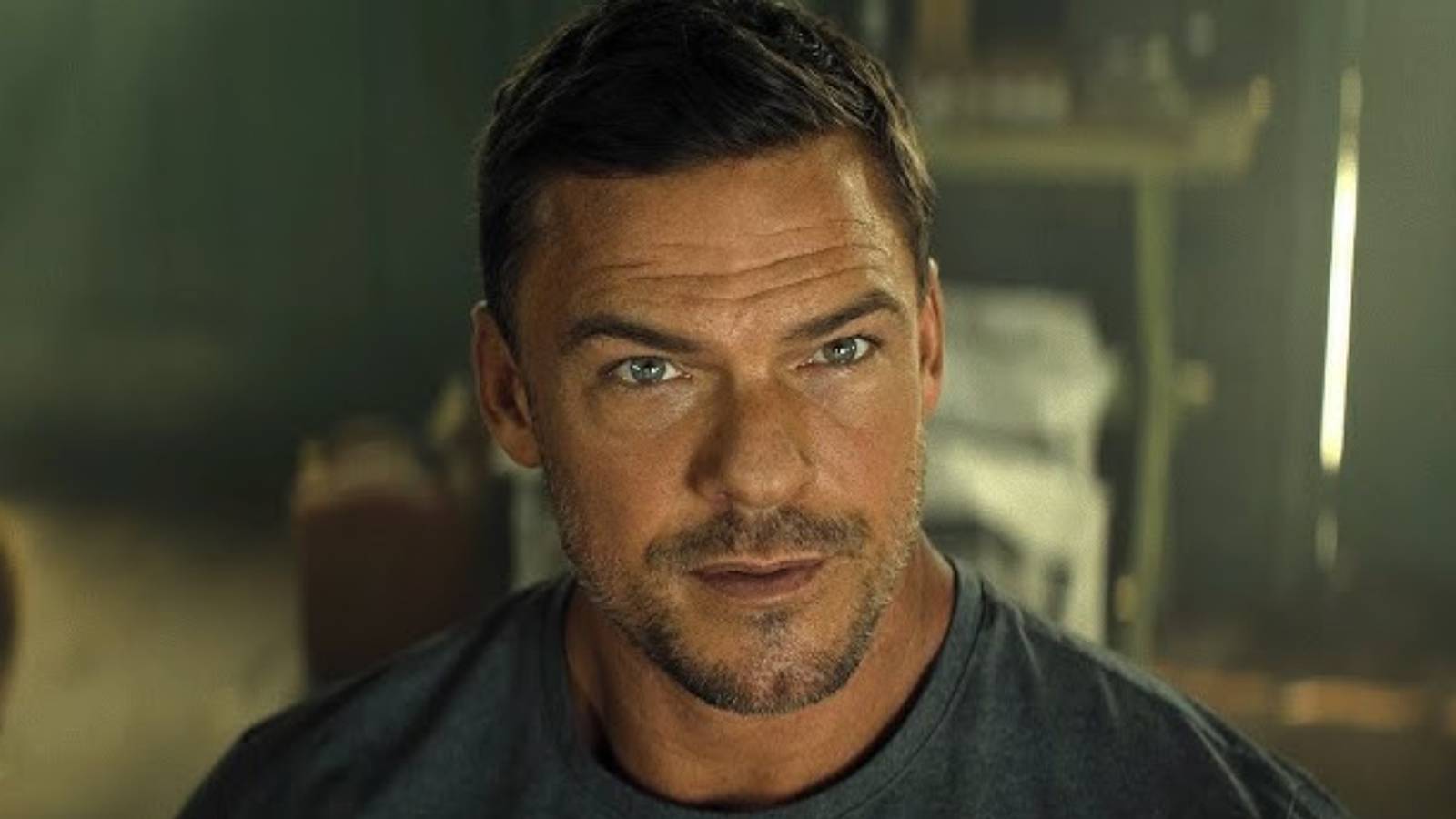 Alan Ritchson as Reacher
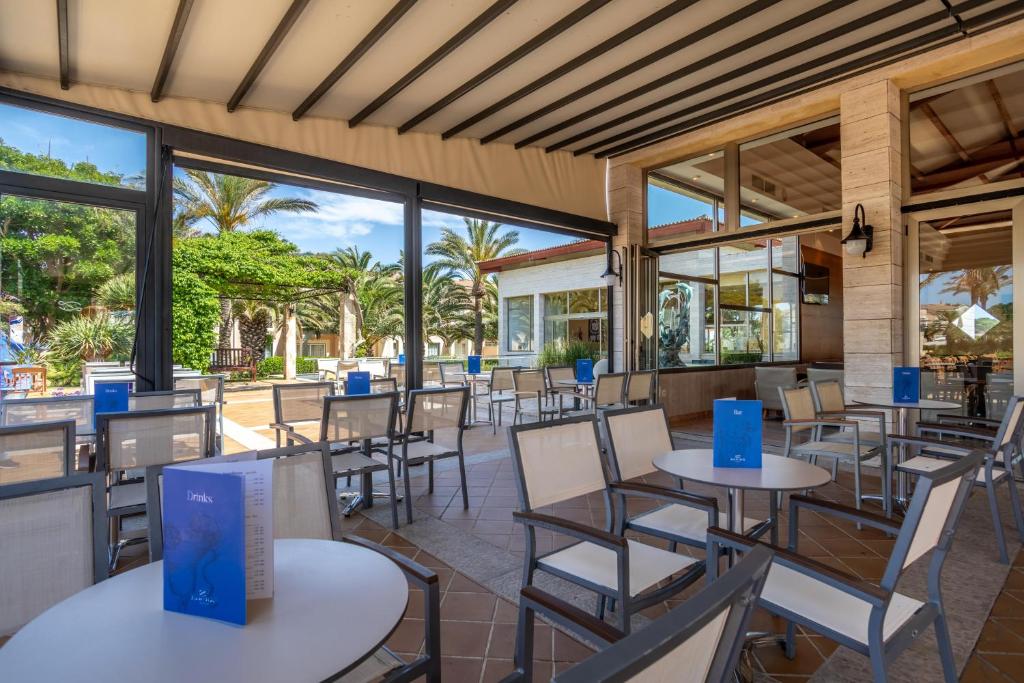 Zafiro Menorca — Restaurant & bars in Cala'n Bosch, Balearic Islands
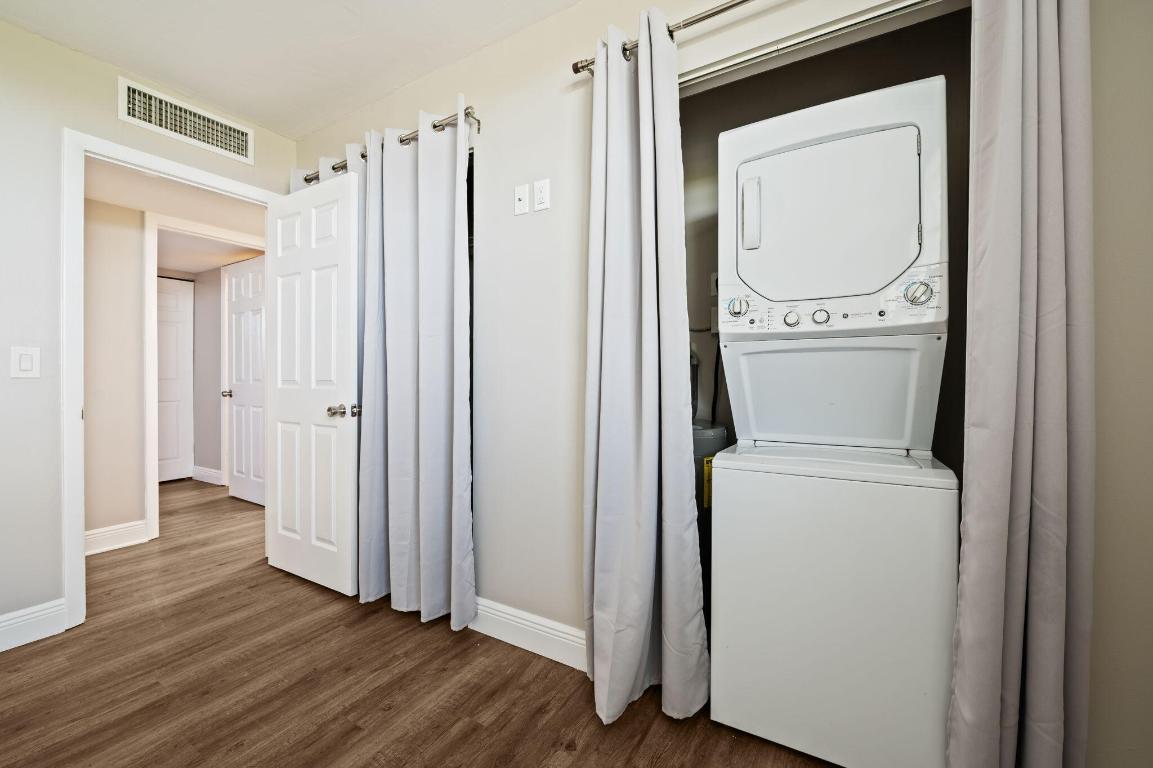 BOCA TEECA CONDO 3 - Residential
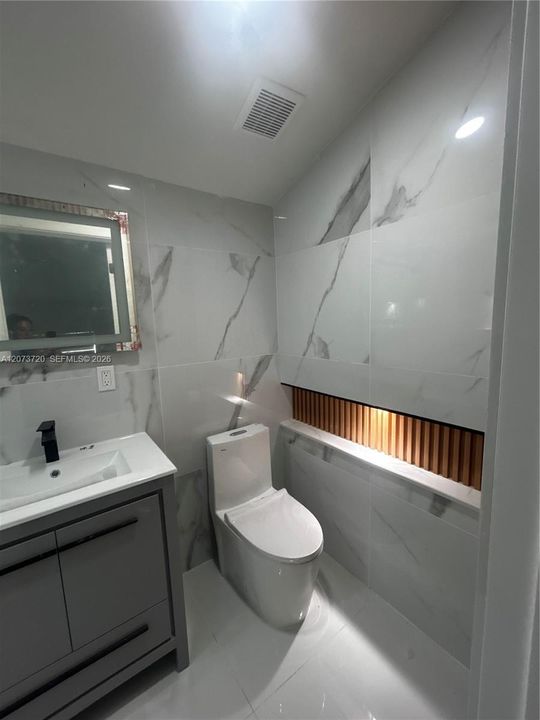 For Rent: $6,000 (3 beds, 2 baths, 1967 Square Feet)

» Description of the task:
The expected answer is the whole listing above, copied exactly, with images excluded.

» Answer to the exercise:
 Alan Ritchson as Reacher
 Zafiro Menorca — Restaurant & bars in Cala'n Bosch, Balearic Islands
 BOCA TEECA CONDO 3 - Residential
 For Rent: $6,000 (3 beds, 2 baths, 1967 Square Feet)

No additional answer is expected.